● **WORK REQUEST**
Every line of the material must be restated exactly, though not its pictures.

● **DATASET EXTRACT**
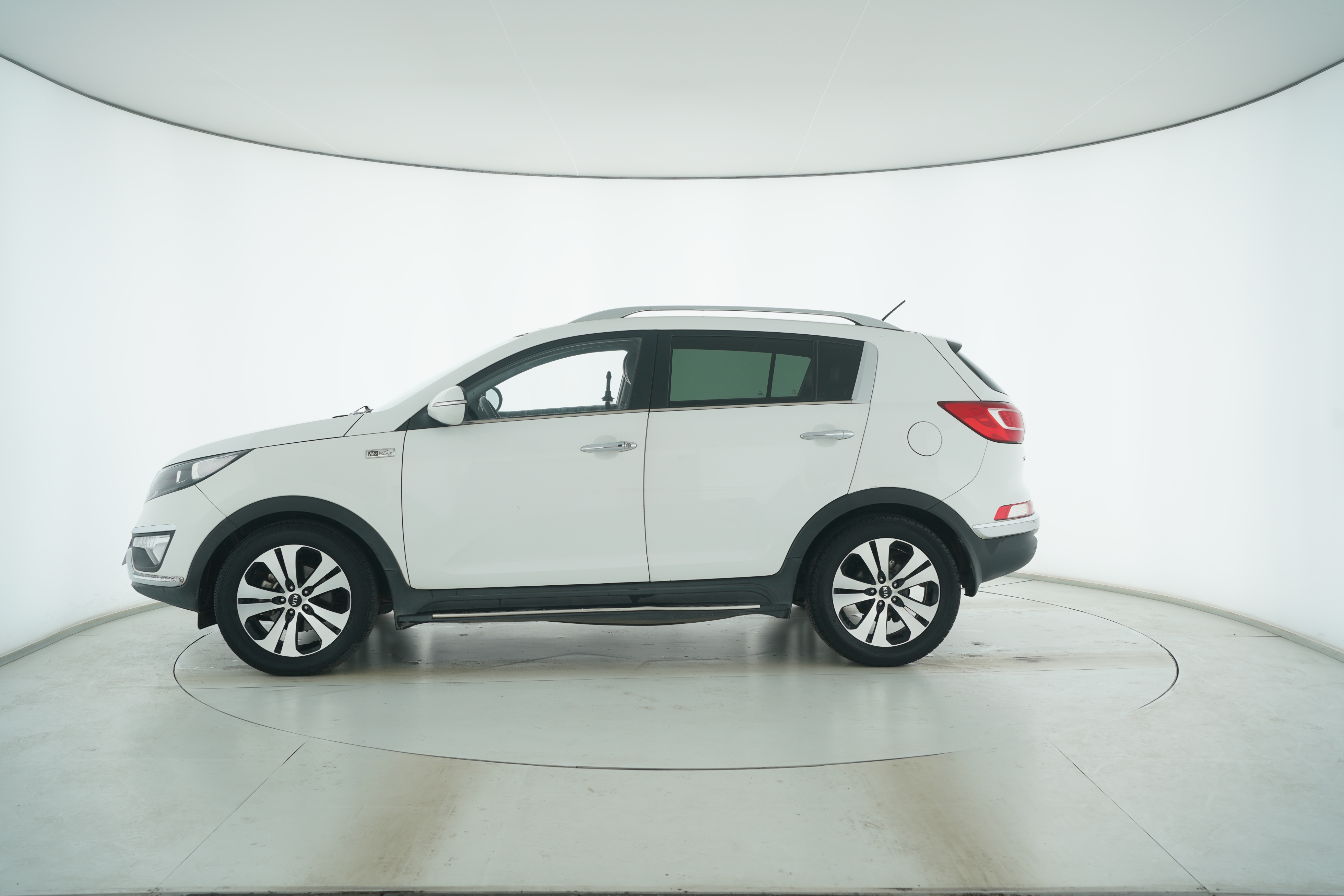 KIA Sportage 2014 — фото 7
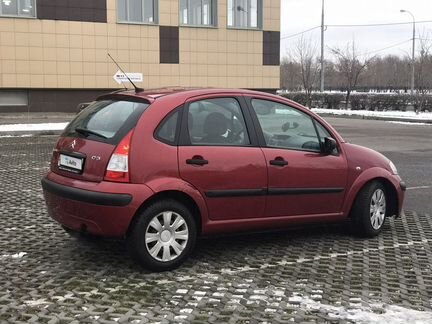 Citroen C3 1.6 AMT, 2005, 133 000 км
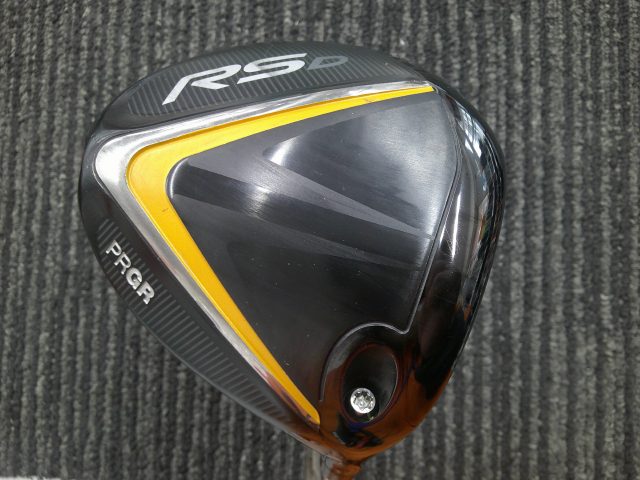 樂天商城 - 【中古】 プロギア RSJUST RS D/LIN-Q BLUE EX 5/SR/10.5[8439]■博多店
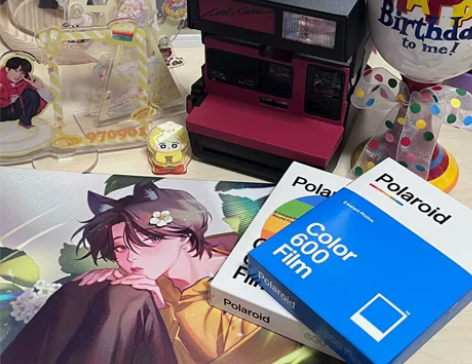 polaroid宝丽来600 宝丽来coo...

● **COMPLETED EXERCISE**
 KIA Sportage 2014 — фото 7
 Citroen C3 1.6 AMT, 2005, 133 000 км
 樂天商城 - 【中古】 プロギア RSJUST RS D/LIN-Q BLUE EX 5/SR/10.5[8439]■博多店
 polaroid宝丽来600 宝丽来coo...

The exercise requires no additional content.